**What you need to do:** Word for word, restate all of the records.

————————

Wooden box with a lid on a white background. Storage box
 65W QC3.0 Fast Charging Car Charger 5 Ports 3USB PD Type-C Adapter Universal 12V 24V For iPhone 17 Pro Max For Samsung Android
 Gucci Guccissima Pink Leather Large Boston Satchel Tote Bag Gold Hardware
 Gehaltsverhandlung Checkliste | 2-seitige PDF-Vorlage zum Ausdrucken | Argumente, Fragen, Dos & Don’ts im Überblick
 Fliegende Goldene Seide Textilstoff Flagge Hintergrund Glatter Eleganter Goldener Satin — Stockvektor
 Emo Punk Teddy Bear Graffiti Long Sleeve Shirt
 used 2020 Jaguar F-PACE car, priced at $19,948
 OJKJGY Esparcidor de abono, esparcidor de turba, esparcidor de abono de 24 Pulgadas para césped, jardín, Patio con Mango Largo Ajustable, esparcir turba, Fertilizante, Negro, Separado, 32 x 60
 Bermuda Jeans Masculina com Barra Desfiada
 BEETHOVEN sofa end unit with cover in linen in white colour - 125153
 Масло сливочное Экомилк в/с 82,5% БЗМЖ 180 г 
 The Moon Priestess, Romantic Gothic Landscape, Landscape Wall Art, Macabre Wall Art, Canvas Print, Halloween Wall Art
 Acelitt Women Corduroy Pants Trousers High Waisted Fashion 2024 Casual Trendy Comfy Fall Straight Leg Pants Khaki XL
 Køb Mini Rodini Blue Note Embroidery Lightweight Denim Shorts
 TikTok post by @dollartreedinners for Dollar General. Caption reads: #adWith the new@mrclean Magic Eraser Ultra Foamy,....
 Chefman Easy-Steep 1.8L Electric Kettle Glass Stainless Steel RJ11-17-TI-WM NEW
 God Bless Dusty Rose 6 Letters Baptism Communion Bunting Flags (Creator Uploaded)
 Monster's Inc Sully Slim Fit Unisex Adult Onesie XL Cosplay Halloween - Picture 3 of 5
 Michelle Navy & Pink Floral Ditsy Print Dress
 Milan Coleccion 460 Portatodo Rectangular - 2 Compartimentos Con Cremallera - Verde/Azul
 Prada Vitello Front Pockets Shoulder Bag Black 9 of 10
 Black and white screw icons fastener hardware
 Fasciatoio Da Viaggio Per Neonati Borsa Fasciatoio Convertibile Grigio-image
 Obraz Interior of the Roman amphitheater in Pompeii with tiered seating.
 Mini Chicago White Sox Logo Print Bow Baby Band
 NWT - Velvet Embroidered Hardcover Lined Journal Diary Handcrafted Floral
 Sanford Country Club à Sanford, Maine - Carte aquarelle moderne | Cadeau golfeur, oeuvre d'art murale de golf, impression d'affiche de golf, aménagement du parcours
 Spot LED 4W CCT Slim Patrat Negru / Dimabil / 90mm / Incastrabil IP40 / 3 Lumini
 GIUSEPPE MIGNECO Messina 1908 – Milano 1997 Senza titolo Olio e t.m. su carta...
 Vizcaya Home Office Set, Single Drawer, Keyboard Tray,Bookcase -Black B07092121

————————

**Result:**
Wooden box with a lid on a white background. Storage box
 65W QC3.0 Fast Charging Car Charger 5 Ports 3USB PD Type-C Adapter Universal 12V 24V For iPhone 17 Pro Max For Samsung Android
 Gucci Guccissima Pink Leather Large Boston Satchel Tote Bag Gold Hardware
 Gehaltsverhandlung Checkliste | 2-seitige PDF-Vorlage zum Ausdrucken | Argumente, Fragen, Dos & Don’ts im Überblick
 Fliegende Goldene Seide Textilstoff Flagge Hintergrund Glatter Eleganter Goldener Satin — Stockvektor
 Emo Punk Teddy Bear Graffiti Long Sleeve Shirt
 used 2020 Jaguar F-PACE car, priced at $19,948
 OJKJGY Esparcidor de abono, esparcidor de turba, esparcidor de abono de 24 Pulgadas para césped, jardín, Patio con Mango Largo Ajustable, esparcir turba, Fertilizante, Negro, Separado, 32 x 60
 Bermuda Jeans Masculina com Barra Desfiada
 BEETHOVEN sofa end unit with cover in linen in white colour - 125153
 Масло сливочное Экомилк в/с 82,5% БЗМЖ 180 г 
 The Moon Priestess, Romantic Gothic Landscape, Landscape Wall Art, Macabre Wall Art, Canvas Print, Halloween Wall Art
 Acelitt Women Corduroy Pants Trousers High Waisted Fashion 2024 Casual Trendy Comfy Fall Straight Leg Pants Khaki XL
 Køb Mini Rodini Blue Note Embroidery Lightweight Denim Shorts
 TikTok post by @dollartreedinners for Dollar General. Caption reads: #adWith the new@mrclean Magic Eraser Ultra Foamy,....
 Chefman Easy-Steep 1.8L Electric Kettle Glass Stainless Steel RJ11-17-TI-WM NEW
 God Bless Dusty Rose 6 Letters Baptism Communion Bunting Flags (Creator Uploaded)
 Monster's Inc Sully Slim Fit Unisex Adult Onesie XL Cosplay Halloween - Picture 3 of 5
 Michelle Navy & Pink Floral Ditsy Print Dress
 Milan Coleccion 460 Portatodo Rectangular - 2 Compartimentos Con Cremallera - Verde/Azul
 Prada Vitello Front Pockets Shoulder Bag Black 9 of 10
 Black and white screw icons fastener hardware
 Fasciatoio Da Viaggio Per Neonati Borsa Fasciatoio Convertibile Grigio-image
 Obraz Interior of the Roman amphitheater in Pompeii with tiered seating.
 Mini Chicago White Sox Logo Print Bow Baby Band
 NWT - Velvet Embroidered Hardcover Lined Journal Diary Handcrafted Floral
 Sanford Country Club à Sanford, Maine - Carte aquarelle moderne | Cadeau golfeur, oeuvre d'art murale de golf, impression d'affiche de golf, aménagement du parcours
 Spot LED 4W CCT Slim Patrat Negru / Dimabil / 90mm / Incastrabil IP40 / 3 Lumini
 GIUSEPPE MIGNECO Messina 1908 – Milano 1997 Senza titolo Olio e t.m. su carta...
 Vizcaya Home Office Set, Single Drawer, Keyboard Tray,Bookcase -Black B07092121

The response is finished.